The other key aspect comes with the 2010 election sequence in which Democrats saw U.S. Sen. Evan Bayh — the man who revived the party between 1986 and 1988 — retire. Bayh realized that his fate might have been similar to the defeat U.S. Sen. Dick Lugar suffered this year.
But the other part of 2010 was the erosion of support for Democrats in Southern Indiana, where they lost a number of so-called “legacy” Indiana House seats they had held for generations as Indiana Republicans obliterated a Democrat House majority into a commanding 60-40 edge for themselves.
Two years prior, while Daniels carved out a 58-40 percent re-election victory, he failed to carry a Republican House with him, one of the only times in the past century that a governor couldn’t pull a House majority in with him. His Aiming Higher PAC pumped in hundreds of thousands of dollars to help forge that 60-40 majority, which then paved the way for his sprawling education reforms in 2011 and, most importantly, the new legislative and Congressional maps.
That situation only worsened in 2012 when Republicans won 69 seats in the Indiana House. Today, Democrats hold only three of the 11 House districts that touch the Ohio River in what used to be their stronghold.
Democrats are largely compacted into two regions of the state: Marion County and the four-county Region that runs from Lake to St. Joseph County. Twenty-one of the 31 districts held by Democrats are in these areas.

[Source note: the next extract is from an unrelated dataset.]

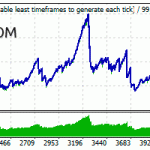 volatility-factor-backtest-gbpusd-m15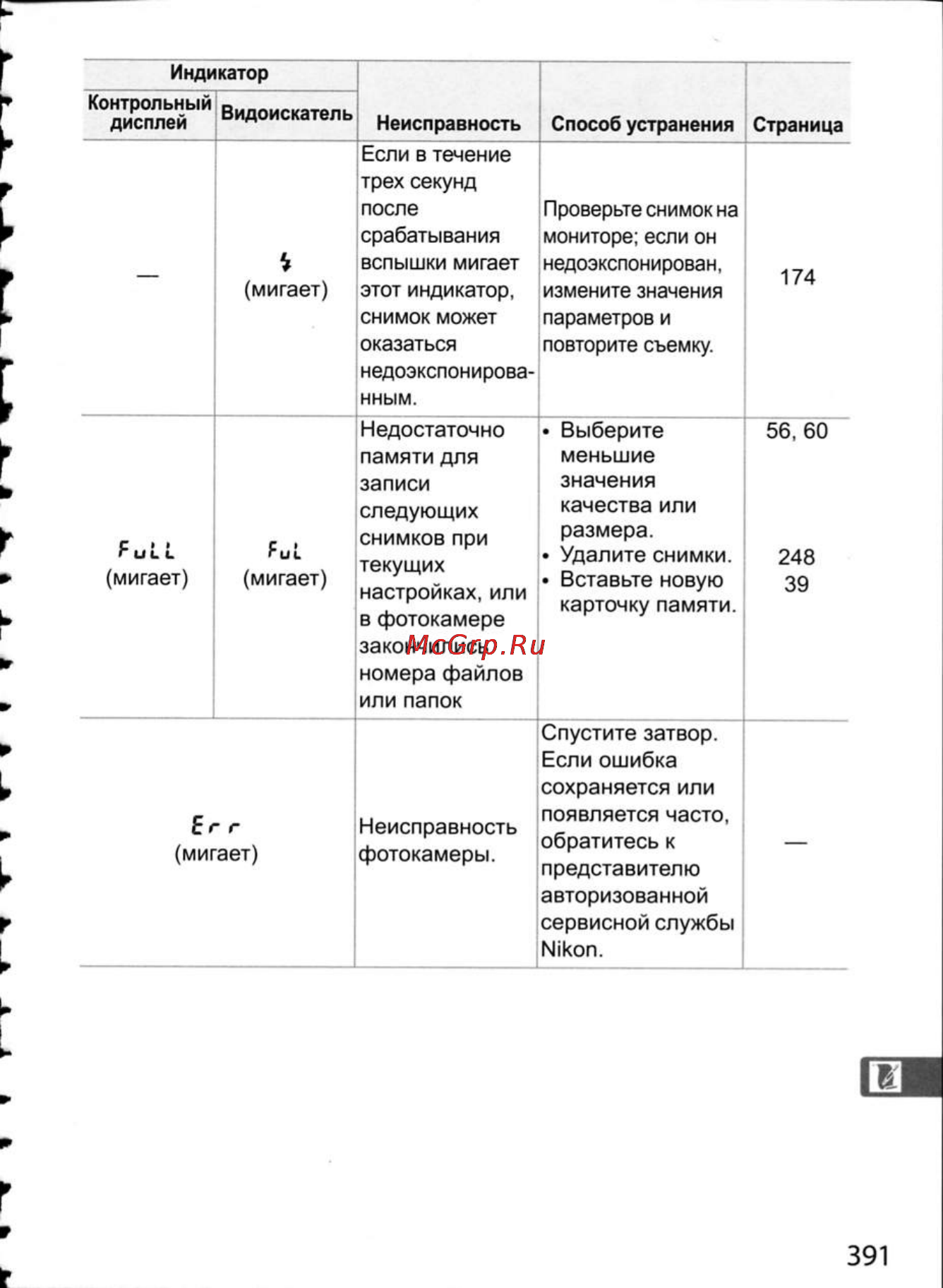 Nikon D300 [417/448] Индикатор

But the Democratic clout is eroding even there as Republicans Hal Slager and Rick Niemeyer won Lake County districts and Dale Devon won State Rep. Craig Fry’s district in St. Joseph County.
Republicans dominate the Congressional delegation 9-2 in the U.S. House, while winning a small majority of the total votes. Friendly maps will do that for you. Had Mourdock’s Senate campaign not imploded allowing Joe Donnelly to win, the situation could have been worse
For Hoosier Democrats, the critical question as Mitch Daniels exits to West Lafayette is, who’s the next Evan Bayh?